#### TASK INSTRUCTIONS:
Under this line is a listing; return exactly the lines starting at the one with "Lightning Axe (TSR-174) - uncommon" and running down to the one with "Led Replacement For", and leave out its pictures.

#### DATA FOR REVIEW:

# # # #

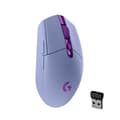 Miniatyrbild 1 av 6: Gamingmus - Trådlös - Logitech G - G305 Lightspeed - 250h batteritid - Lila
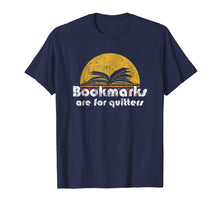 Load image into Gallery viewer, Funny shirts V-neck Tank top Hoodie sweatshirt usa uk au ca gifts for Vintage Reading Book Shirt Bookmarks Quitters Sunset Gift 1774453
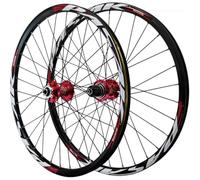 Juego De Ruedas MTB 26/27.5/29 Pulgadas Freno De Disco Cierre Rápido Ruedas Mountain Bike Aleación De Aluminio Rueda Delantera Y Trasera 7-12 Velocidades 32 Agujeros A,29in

# # # #

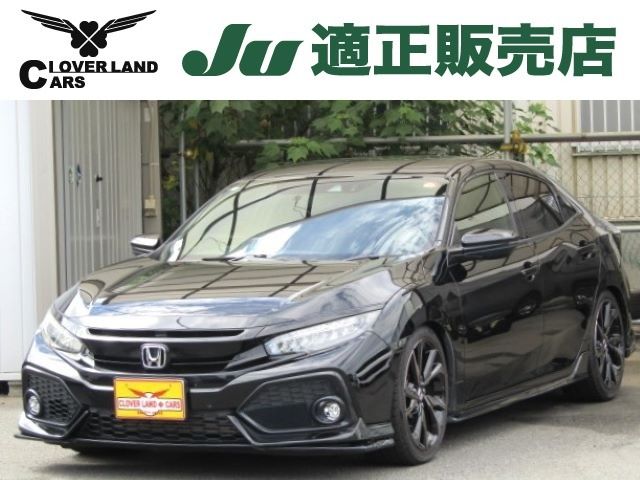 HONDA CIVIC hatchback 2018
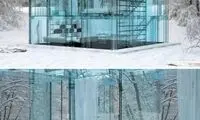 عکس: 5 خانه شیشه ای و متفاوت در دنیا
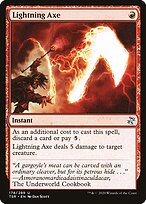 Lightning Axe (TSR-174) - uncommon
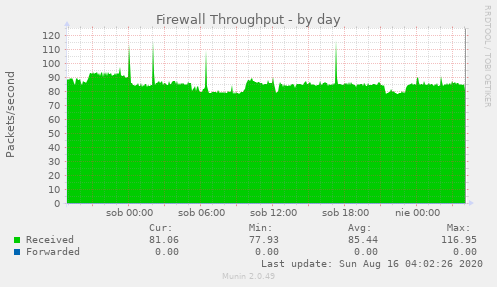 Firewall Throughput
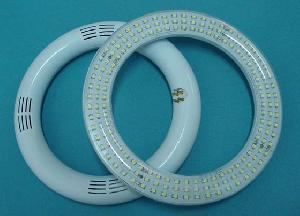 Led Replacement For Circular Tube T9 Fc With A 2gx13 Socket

# # # #

#### RESULT FOR THIS EXERCISE:
 Lightning Axe (TSR-174) - uncommon
 Firewall Throughput
 Led Replacement For Circular Tube T9 Fc With A 2gx13 Socket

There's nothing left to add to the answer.